The thing is that our online activity, by over five billion of us daily, generates more data than we know what to do with. As this G2 piece outlines:
“When you think about data, follow the zeros.”
“As in 18 zeroes, as in more than 2,500,000,000,000,000,000 bytes (or 2.5 quintillions) of data are created each day. As in, holy guacamole.”
“This exorbitant amount of data relates to all things: our preferences, interactions, and everything else we do on the internet and connected devices. Companies take heaping servings of this data – millions of scraps at a time – and turn them into actionable insights using big data analytics software.“
Much of this ‘data exhaust’ is just not used. Until of course LLM AI came along with a possible use.
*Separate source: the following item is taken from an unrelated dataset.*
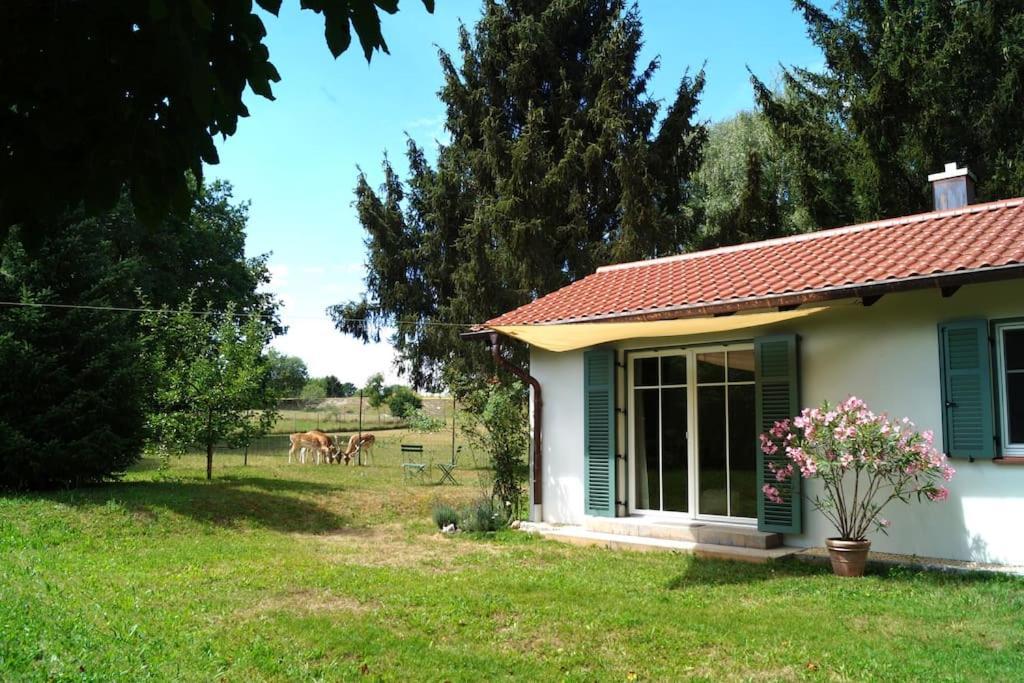 Holiday home Idylisches Mit Reh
To make the numbers more comprehensible, just zoom into a much smaller amount of data that we generate of our phones in our camera rolls via photos, selfies, and screenshots every day, as this Wired piece tries to capture poignantly (links mine):
“Our camera roll is full of digital footprints, this may simply be evidence that life online is moving faster than your offline existence—that the need to shape chaos into a coherent narrative feels more urgent in the realm of infinite scrolls than it does in the clearly marked hours you experience IRL (in real life).”
This type of Data ‘at the Edge’ of course is one of the prime opportunities for companies like Apple, with over two billion devices in the hands of consumers, collecting ‘data exhaust’ every day. Apple remains one of the best positioned companies on the AI front in my view, even before the upcoming Vision Pro platform.
So overall, Data exhaust is of course much larger, and almost unimaginably so. Both in our personal and professional lives. And before we even begin to leverage video and voice for AI applications going forward, where Google remains one of first to benefit at scale.
The key is going to be figuring out creative, out-of-the-box uses for all the Data exhaust generated daily in our online activities for both personal and business use. Just plugging that stuff into LLM AI models doesn’t do the trick.
It’s a start, for the early current generation of models, but to take things further is going to require a LOT more work, and time. And of course mounds of investment. Let’s adjust our expectation clocks. But there will likely be light at the end of inexhaustible Data tunnels. And no, we won’t run out of Data to use. Stay tuned.
(NOTE: The discussions here are for information purposes only, and not meant as investment advice at any time. Thanks for joining us here).